EXERCISE INSTRUCTIONS -> From the first line of the entries below through the line holding "If I write the", write out every line exactly, please, and leave out the pictures.

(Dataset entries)
· · · ·

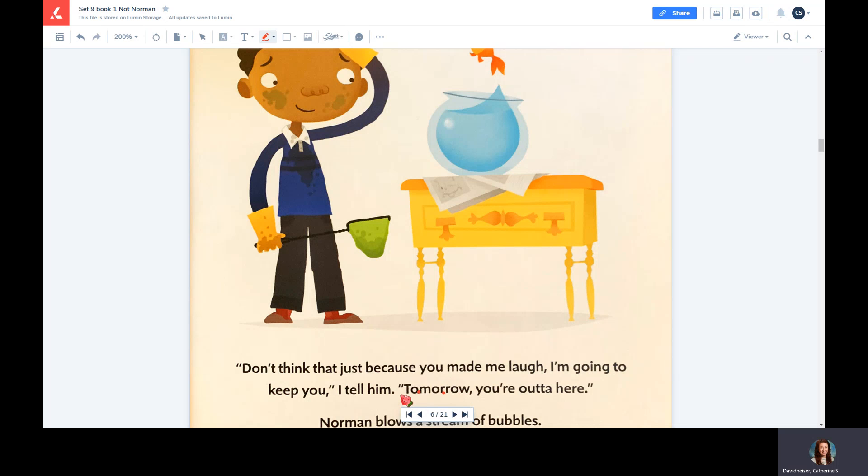It's important to have your child use what they know about letter sounds to figure out the word instead of just guessing.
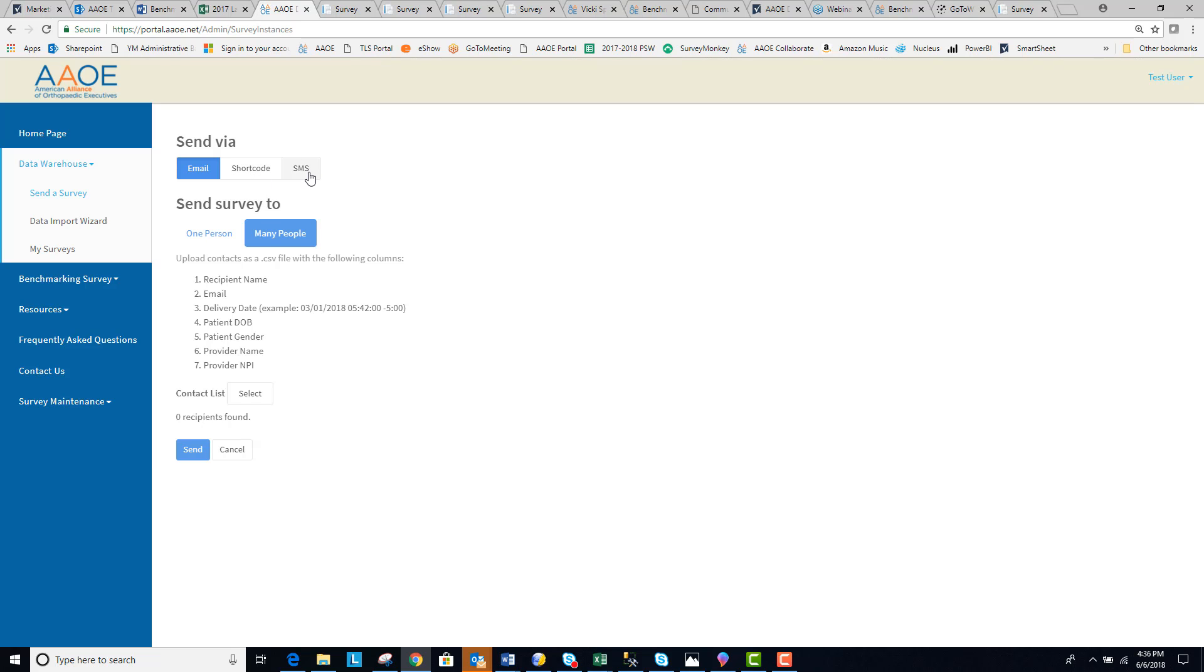You can also send surveys via SMS text message. Again, you can send the survey to many people by uploading a contact list with the defined information.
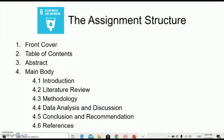For the assignment structure, it consists of a front cover, table of contents, abstract, and main body — which includes introduction, literature review, methodology, data analysis and discussion, conclusion and recommendation — as well as references. All the details for each item are provided in your lab manual, so please read through them for further information.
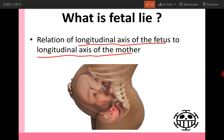Here I should ask myself a question: what is the longitudinal axis of the fetus and what is the longitudinal axis of the mother? The longitudinal axis of the mother is the maternal spine. The longitudinal axis of the fetus is the fetal back. So now it's easy to know the relation and easy to know the fetal lie.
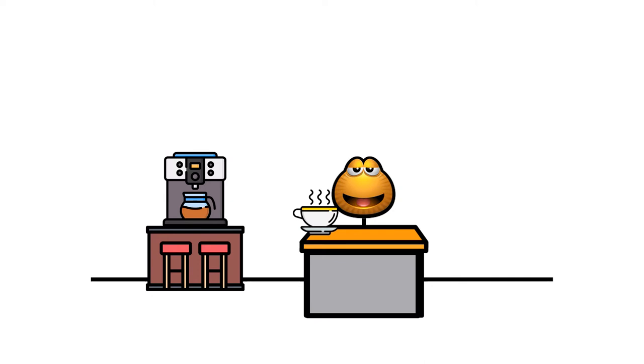Sweet, right? Now you can sleep for a couple more minutes in the morning because you don't have to make your own coffee. Life is wonderful.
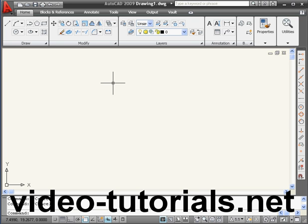Welcome to our tutorial about the Quick Calculator. The Quick Calculator can be used in two modes: Standalone and Transparent. I'll be showing you both of these in this tutorial.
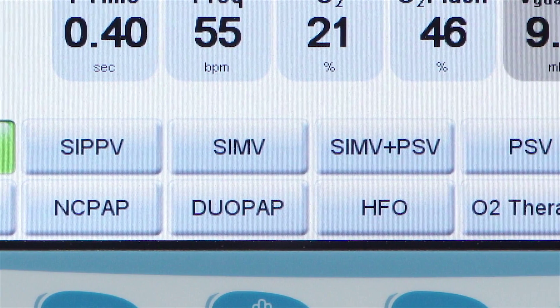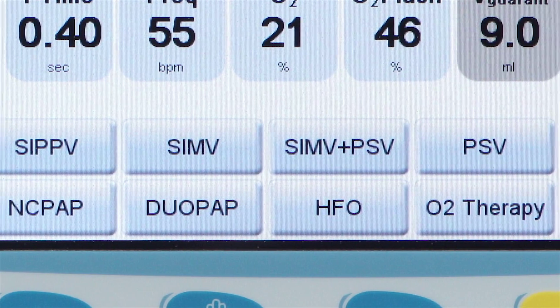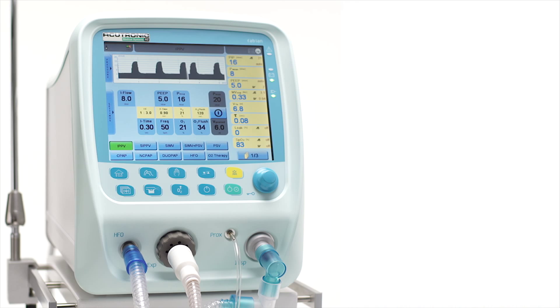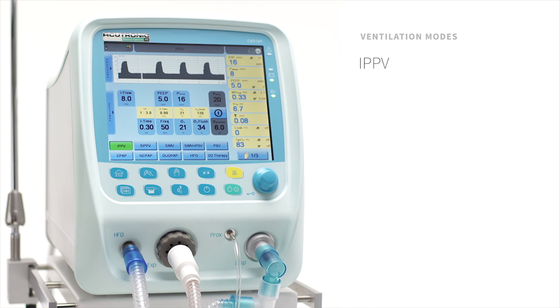Select one of the following ventilation modes according to your needs. IPPV, Intermittent Positive Pressure Ventilation, same as CMV, IMV, or TCP-L.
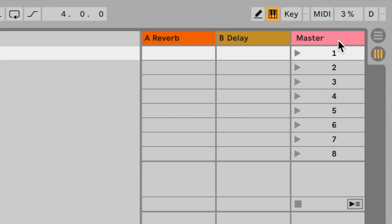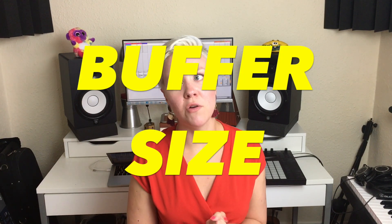This keeps the CPU percentage much lower. In Ableton you can see the CPU percentage in the top right corner — it goes between about five to sometimes fifty or one hundred percent, and you don't want it to go that high. You want to keep it under ten percent.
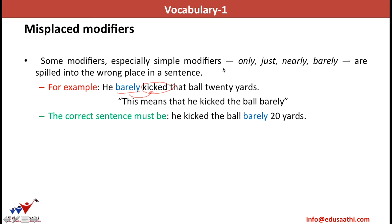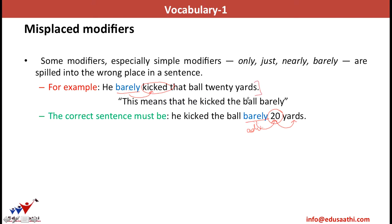If I write the sentence as 'he kicked the ball barely 20 yards,' now 'barely' comes near '20' and starts modifying it. 'Barely' becomes an adverb for '20,' which is an adjective for 'yards,' so 'barely' modifies '20' — meaning the distance travelled by the ball was hardly 20 yards. This is the effect of misplaced modifiers: moving one word changes the entire meaning of the sentence.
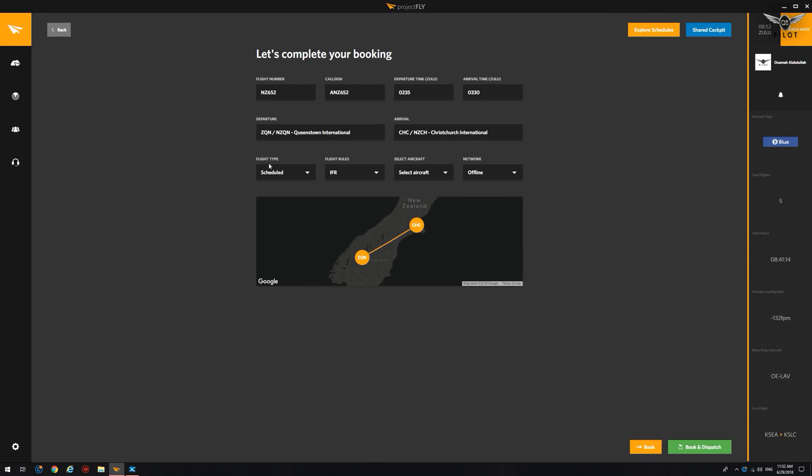And now we have the flight number. We have the call sign, departure time, arrival time, departure and arrival. This is a scheduled flight. You can select from scheduled or charter flight. Flight rules. You can select from IFR, VFR or SVFR.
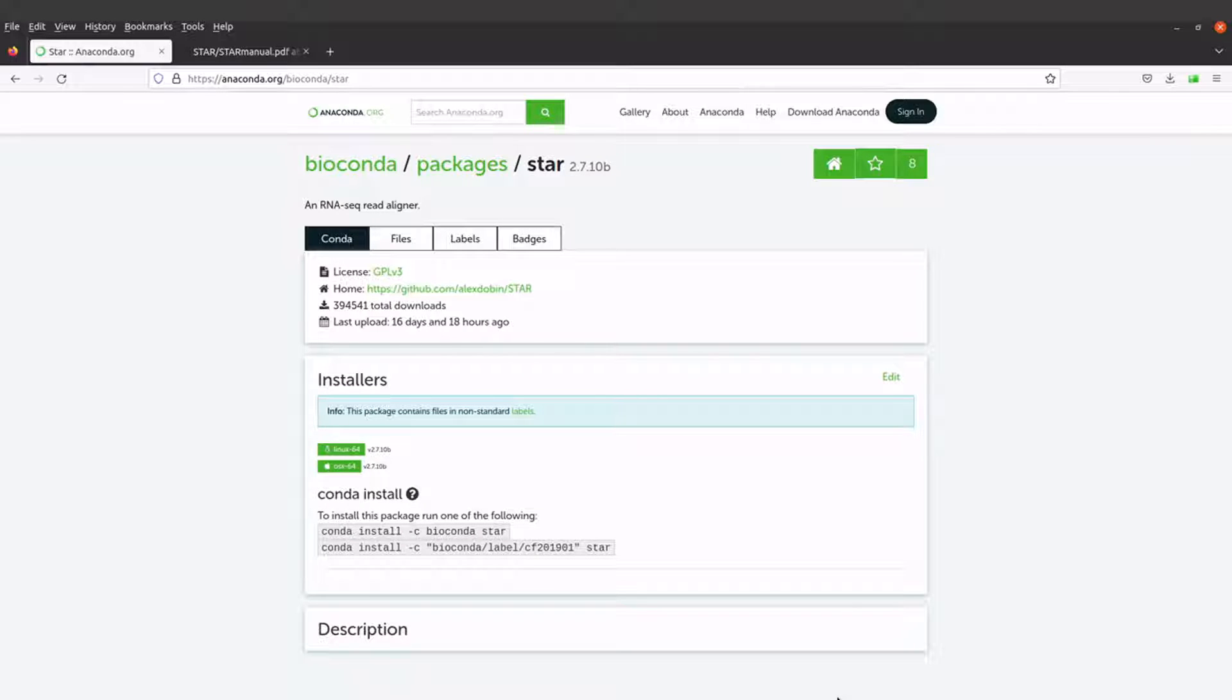In today's video, I am going to show you how you can use Anaconda to install the tool STAR on aligners on macOS system.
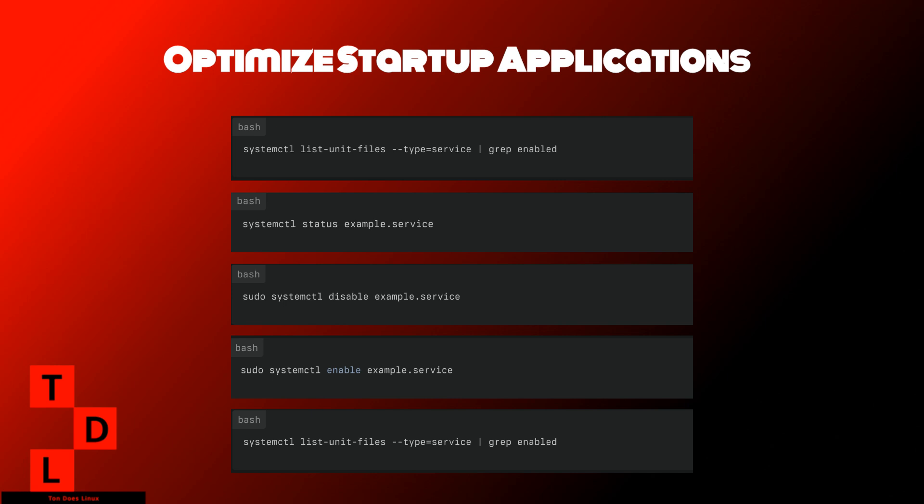Use systemctl status for service details. After making changes, reboot your system to ensure that the changes take effect and verify that your system is running smoothly. By optimizing startup applications, you can significantly improve your system's performance and responsiveness. Remember, every little tweak counts when it comes to maximizing your Linux system's efficiency.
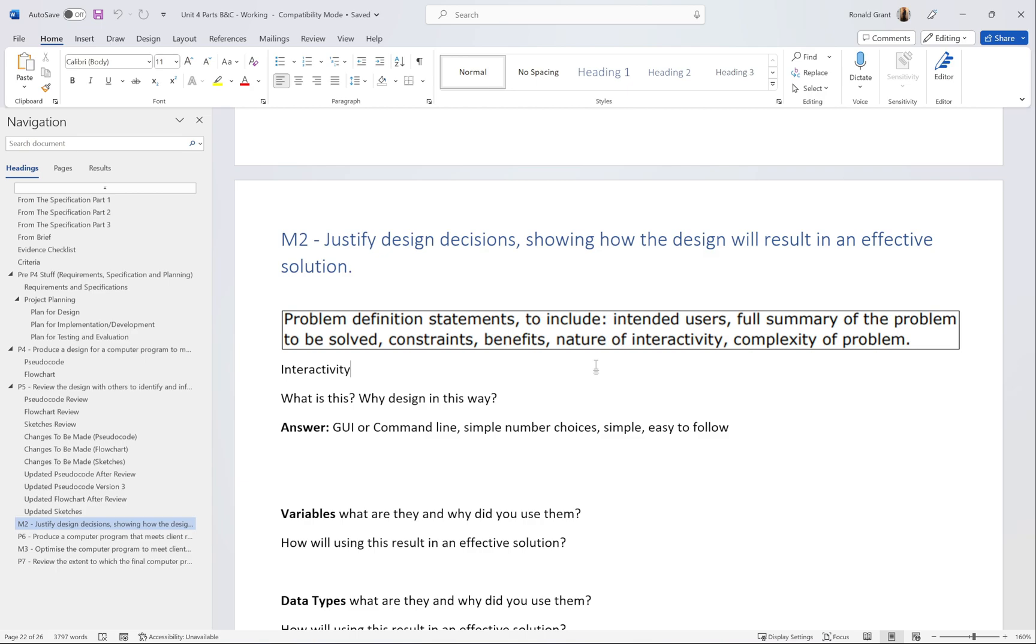Are you team one? Press one for yes or two for no. Are you going to be a single person or a team of five? Press one for single person, press two for multiple people. That's what I mean by simple number choices. It's very simple to follow, the text is very clear. For GUI, what is interactivity? Give a reference and then why design this way. Why did we design using a command line interface? Simple number choices, easy to follow, very easy to program. We don't have to worry about learning extra things.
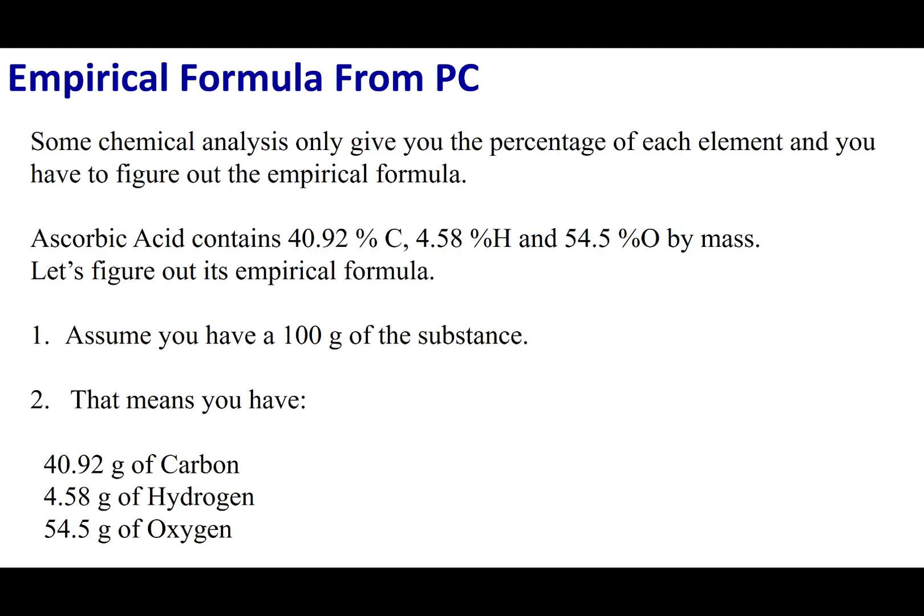What we're going to do is this exercise where we can determine the empirical formula from the percent composition. A very powerful technique in industry and research is something called elemental analysis. What you'll do is take a sample and burn it with oxygen, and you can determine the percentage of each element inside that compound. So let's pretend that we just discovered this new acid — ascorbic acid.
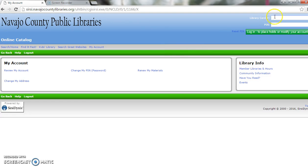Once here, you'll log in using your library card number, which is found on the back of your card with no spaces.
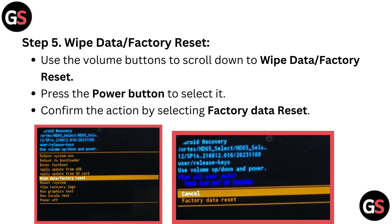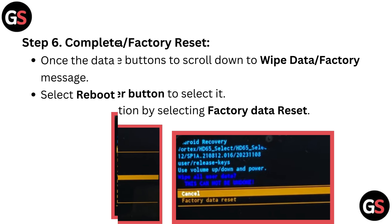Step 5: Wipe data or factory reset. Use the volume buttons to scroll down to wipe data or factory reset. Press the power button to select it.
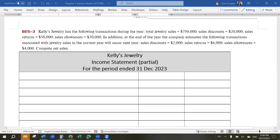Hi, this is Dr. Sue Cooper with the lecture video for Accounting 201 at Towson University. In this video, we're going to be looking at Chapter 5 Lecture Notes, page 3.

· · · ·

TASK RESULT ->
It's important to have your child use what they know about letter sounds to figure out the word instead of just guessing.
You can also send surveys via SMS text message. Again, you can send the survey to many people by uploading a contact list with the defined information.
For the assignment structure, it consists of a front cover, table of contents, abstract, and main body — which includes introduction, literature review, methodology, data analysis and discussion, conclusion and recommendation — as well as references. All the details for each item are provided in your lab manual, so please read through them for further information.
Here I should ask myself a question: what is the longitudinal axis of the fetus and what is the longitudinal axis of the mother? The longitudinal axis of the mother is the maternal spine. The longitudinal axis of the fetus is the fetal back. So now it's easy to know the relation and easy to know the fetal lie.
Sweet, right? Now you can sleep for a couple more minutes in the morning because you don't have to make your own coffee. Life is wonderful.
Welcome to our tutorial about the Quick Calculator. The Quick Calculator can be used in two modes: Standalone and Transparent. I'll be showing you both of these in this tutorial.
Select one of the following ventilation modes according to your needs. IPPV, Intermittent Positive Pressure Ventilation, same as CMV, IMV, or TCP-L.
This keeps the CPU percentage much lower. In Ableton you can see the CPU percentage in the top right corner — it goes between about five to sometimes fifty or one hundred percent, and you don't want it to go that high. You want to keep it under ten percent.
If I write the sentence as 'he kicked the ball barely 20 yards,' now 'barely' comes near '20' and starts modifying it. 'Barely' becomes an adverb for '20,' which is an adjective for 'yards,' so 'barely' modifies '20' — meaning the distance travelled by the ball was hardly 20 yards. This is the effect of misplaced modifiers: moving one word changes the entire meaning of the sentence.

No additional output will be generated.